Despite the cold weather bearing down on Springfield this past week, there has been plenty of talk of sunshine in Illinois politics. It began on January 14, as newly minted Attorney General Kwame Raoul stated, “I will do my part to let in sunshine … and make the office work proactively to create transparency in government.” Then, `Governor J.B. Pritzker’s first executive order asked agencies to provide detailed plans on how they will make their data more accessible to the public.

These are the kind of commitments that make good government advocates feel all warm and toasty. But, we never can get too cozy, because protecting the public’s access to information takes constant vigilance. Recent analyses by the BGA’s Policy and Civic Engagement teams show us why. One review found that legislators introduced nearly 200 bills that changed the Freedom of Information Act (FOIA) in the last General Assembly. Another examination showed that government agencies continue to violate public records laws at a high frequency, despite changes in 2009 that were intended to increase FOIA compliance.

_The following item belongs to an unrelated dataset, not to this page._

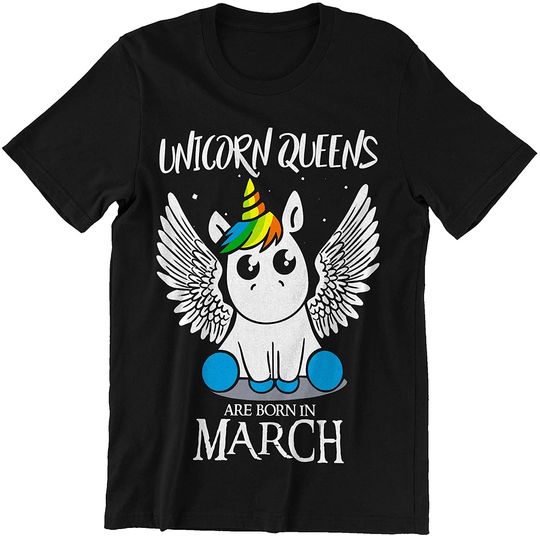 Discover Queens are Born in March Unicorn Shirt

Attorney General Raoul on Monday pledged to adequately resource the Public Access Counselor (PAC), which is the office charged with enforcing the state’s transparency laws. The PAC currently has 20 employees and a backlog of complaints documented by ProPublica reporting. Increasing the capacity of this body would be a good first step for Illinois’ new attorney general. Yet, even with a larger office, the PAC may only be able to do so much. The BGA’s examination of 27,553 FOIA reviews done by the PAC between April 2010 and March 2018 shows how problematic non-compliance has become. For example, governments across Illinois had outright ignored about 17 percent of the requests in the sample, in direct violation of state law.

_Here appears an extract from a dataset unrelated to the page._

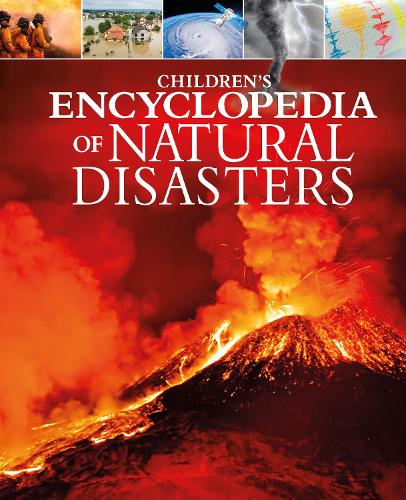 Children's Encyclopedia of Natural Disasters (Arcturus Children's Reference Library)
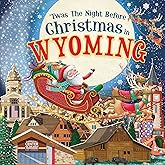 'Twas the Night Before Christmas in Wyoming: A Keepsake Christmas Adventure Across the Equality State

Representatives of the PAC stated, “far too often, government offices are choosing to ignore the law and working to thwart the Public Access Counselor.” Stopping compliance problems before they start would help make the PAC more efficient and bring a bit of sunshine to Illinois.

During the last major effort to strengthen FOIA, House Speaker Michael Madigan noted that penalties, stiff ones, would help compel compliance. However, the penalties those amendments imposed have not been enough to inspire a culture of transparency. Perhaps that’s because even after the PAC gets through its backlog, reviews an agency’s actions, and finds that a violation has occurred, no fine can be imposed until a court determines that the violation was “willful.” In practical terms, this means fines are rarely seen.

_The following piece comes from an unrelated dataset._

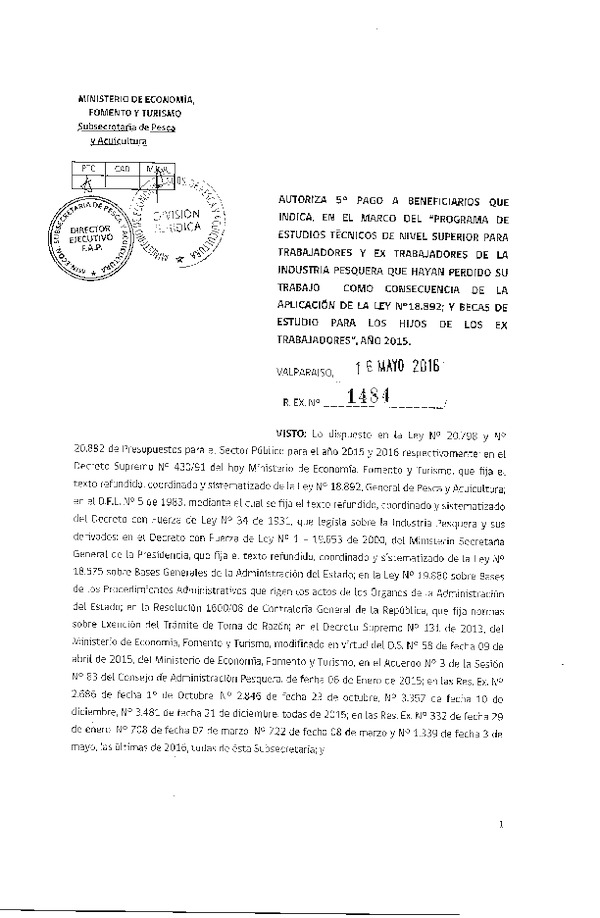 Res. Ex. N° 1484-2016 Autoriza 5° pago a beneficiarios que indica, en el marco del "Programa de estudios técnicos de nivel superior trabajadores y ex trabajadores de la industria pesquera.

Governor Pritzker’s executive order indicates that he is hoping to hold agencies to the “highest degree of transparency accountability standards.” Hopefully, he and the attorney general will work with legislators to make transparency a default. Requiring agencies to show that a tangible harm will occur from the release of a record before they claim an exemption, as federal law requires, and lowering the requirement that a court must determine a violation was willful before any penalty, however small, can be imposed, are two ways to make this happen.

Despite the current cold spurt, the Farmer’s Almanac forecasts a warmer-than-average winter for Illinois. Time will tell. Perhaps we’ll see some sunny days in Springfield, and the prediction will come true.